Sandy Nette was left ‘locked-in’ after a chiropractor manipulated her neck and tore two arteries, cutting off the blood supply to her brain.

Only able to communicate by blinking, doctors feared she’d never walk, talk or breathe unaided again.

But now Sandy, 46, from Alberta, Canada, can move about with the help of a walking frame and hold brief but precious conversations.

“It felt like all our dreams had come true when Sandy was allowed home,” her husband, David, 56, says. “She’s my inspiration.”

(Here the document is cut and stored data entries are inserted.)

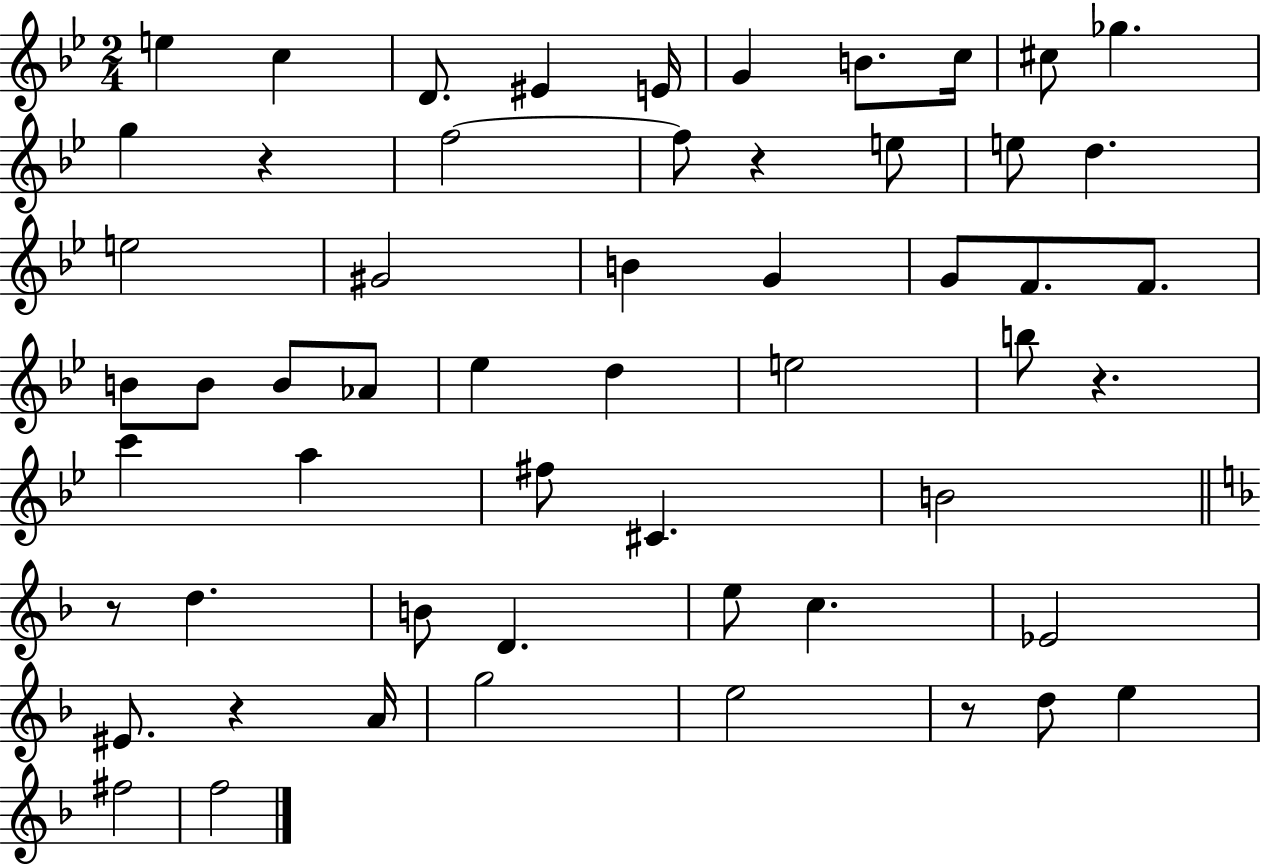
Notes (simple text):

E5/q C5/q D4/e. EIS4/q E4/s G4/q B4/e. C5/s C#5/e Gb5/q. G5/q R/q F5/h F5/e R/q E5/e E5/e D5/q. E5/h G#4/h B4/q G4/q G4/e F4/e. F4/e. B4/e B4/e B4/e Ab4/e Eb5/q D5/q E5/h B5/e R/q. C6/q A5/q F#5/e C#4/q. B4/h R/e D5/q. B4/e D4/q. E5/e C5/q. Eb4/h EIS4/e. R/q A4/s G5/h E5/h R/e D5/e E5/q F#5/h F5/h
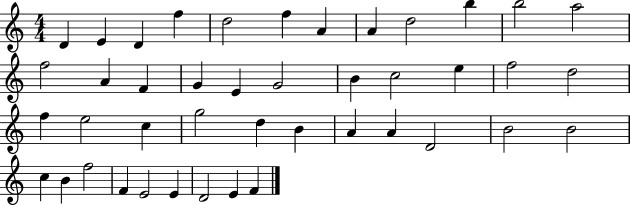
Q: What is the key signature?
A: C major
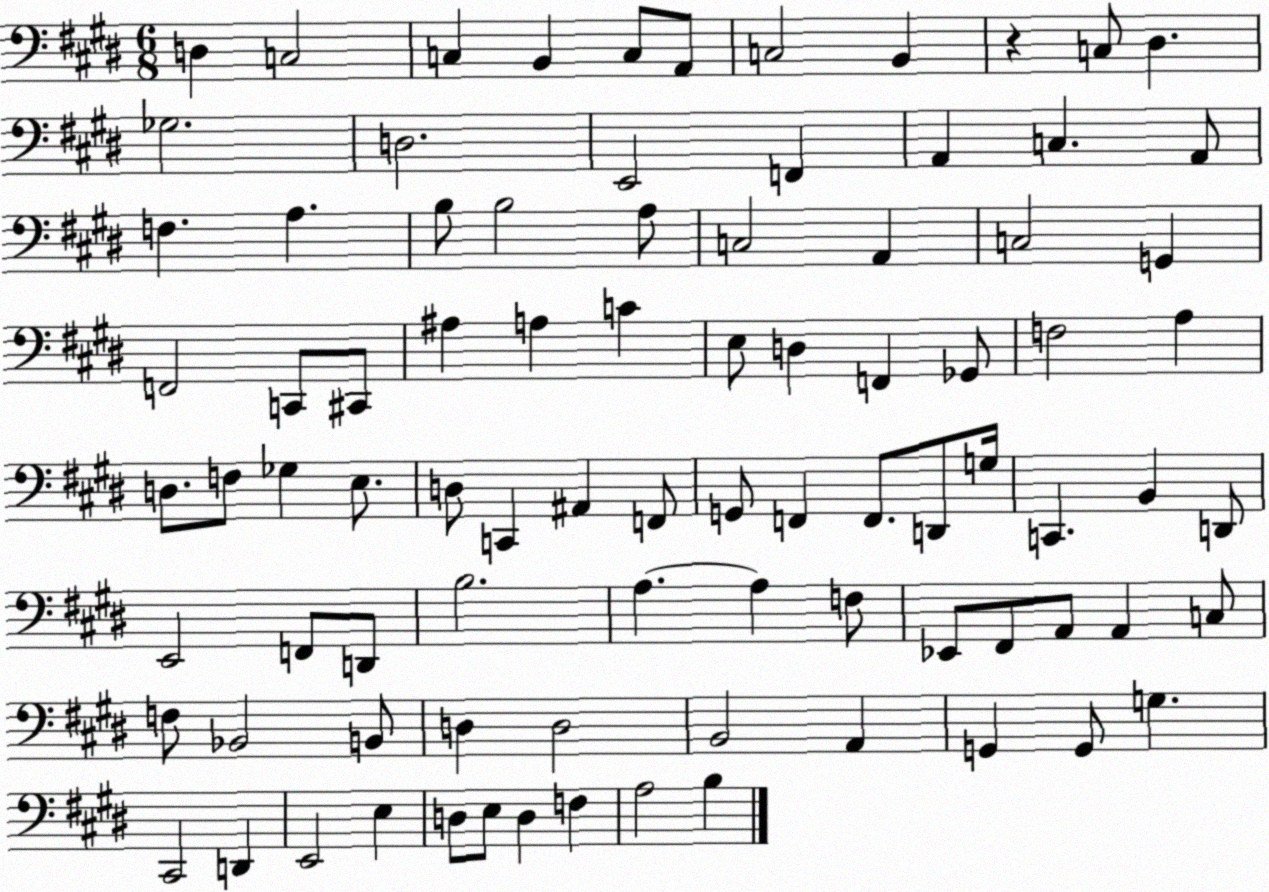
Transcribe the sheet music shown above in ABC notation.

X:1
T:Untitled
M:6/8
L:1/4
K:E
D, C,2 C, B,, C,/2 A,,/2 C,2 B,, z C,/2 ^D, _G,2 D,2 E,,2 F,, A,, C, A,,/2 F, A, B,/2 B,2 A,/2 C,2 A,, C,2 G,, F,,2 C,,/2 ^C,,/2 ^A, A, C E,/2 D, F,, _G,,/2 F,2 A, D,/2 F,/2 _G, E,/2 D,/2 C,, ^A,, F,,/2 G,,/2 F,, F,,/2 D,,/2 G,/4 C,, B,, D,,/2 E,,2 F,,/2 D,,/2 B,2 A, A, F,/2 _E,,/2 ^F,,/2 A,,/2 A,, C,/2 F,/2 _B,,2 B,,/2 D, D,2 B,,2 A,, G,, G,,/2 G, ^C,,2 D,, E,,2 E, D,/2 E,/2 D, F, A,2 B,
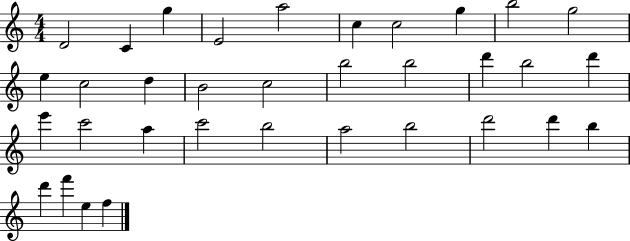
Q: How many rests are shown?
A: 0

The former senior administrator had been going to a chiropractor for years, to help relieve tension in her shoulder.

Fateful phone call

However, on one fateful day in September 2007, Sandy was on her way back from a session when she pulled over to phone David.

“When my mobile rang and my wife’s name flashed up on the screen, I answered it expecting to hear her bubbly voice,” David said.

Before the injury

“But after a long pause, there was a strange, slurring noise. Then, between stutters and moans, Sandy managed to tell me her vision had gone blurry.

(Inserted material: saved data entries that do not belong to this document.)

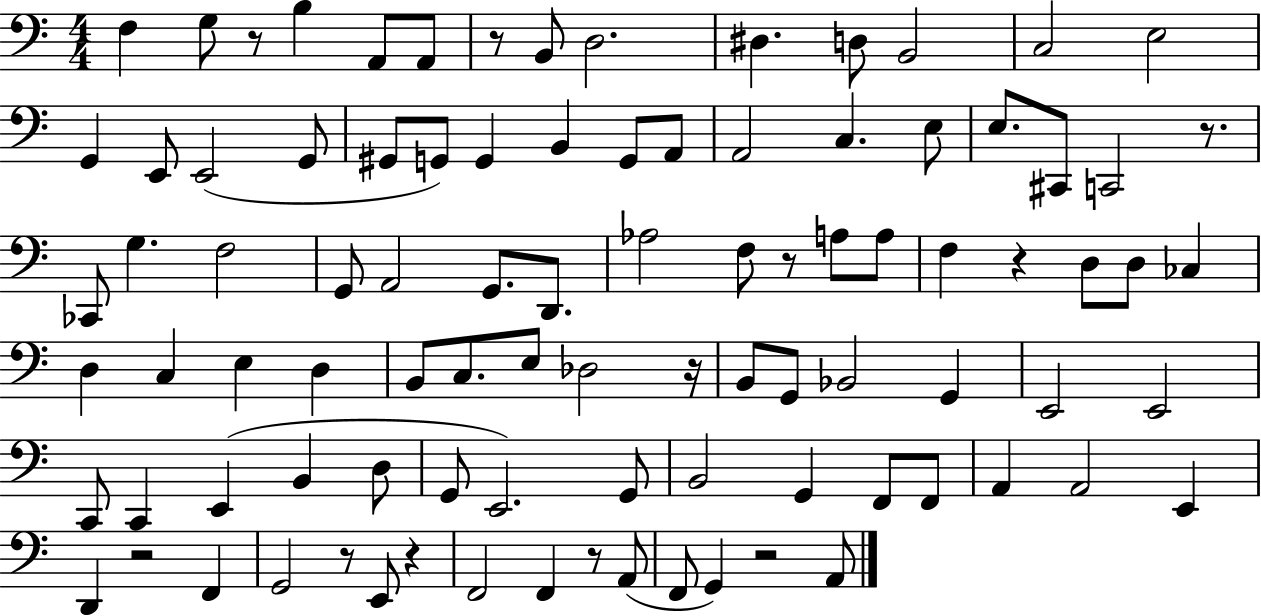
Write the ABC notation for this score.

X:1
T:Untitled
M:4/4
L:1/4
K:C
F, G,/2 z/2 B, A,,/2 A,,/2 z/2 B,,/2 D,2 ^D, D,/2 B,,2 C,2 E,2 G,, E,,/2 E,,2 G,,/2 ^G,,/2 G,,/2 G,, B,, G,,/2 A,,/2 A,,2 C, E,/2 E,/2 ^C,,/2 C,,2 z/2 _C,,/2 G, F,2 G,,/2 A,,2 G,,/2 D,,/2 _A,2 F,/2 z/2 A,/2 A,/2 F, z D,/2 D,/2 _C, D, C, E, D, B,,/2 C,/2 E,/2 _D,2 z/4 B,,/2 G,,/2 _B,,2 G,, E,,2 E,,2 C,,/2 C,, E,, B,, D,/2 G,,/2 E,,2 G,,/2 B,,2 G,, F,,/2 F,,/2 A,, A,,2 E,, D,, z2 F,, G,,2 z/2 E,,/2 z F,,2 F,, z/2 A,,/2 F,,/2 G,, z2 A,,/2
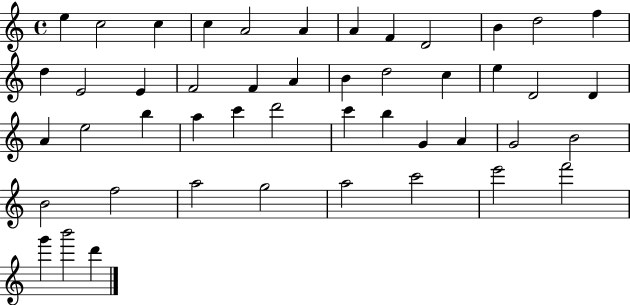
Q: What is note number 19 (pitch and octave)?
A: B4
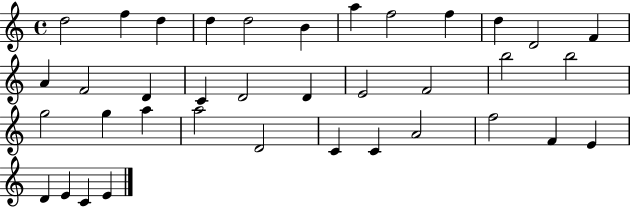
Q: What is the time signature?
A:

“I raced to where she was and, as she got out of the car, she fell into my arms.”

By the time David had driven Sandy to hospital, her eyes had rolled to the back of her head and she was gasping for air.

Clinging to life

After she suffered a series of strokes, doctors didn’t know if she’d survive.

“It was terrifying,” David remembers. “For 11 days, she lay clinging to life in intensive care. Then came the heart-wrenching, soul-destroying news that Sandy had locked-in syndrome.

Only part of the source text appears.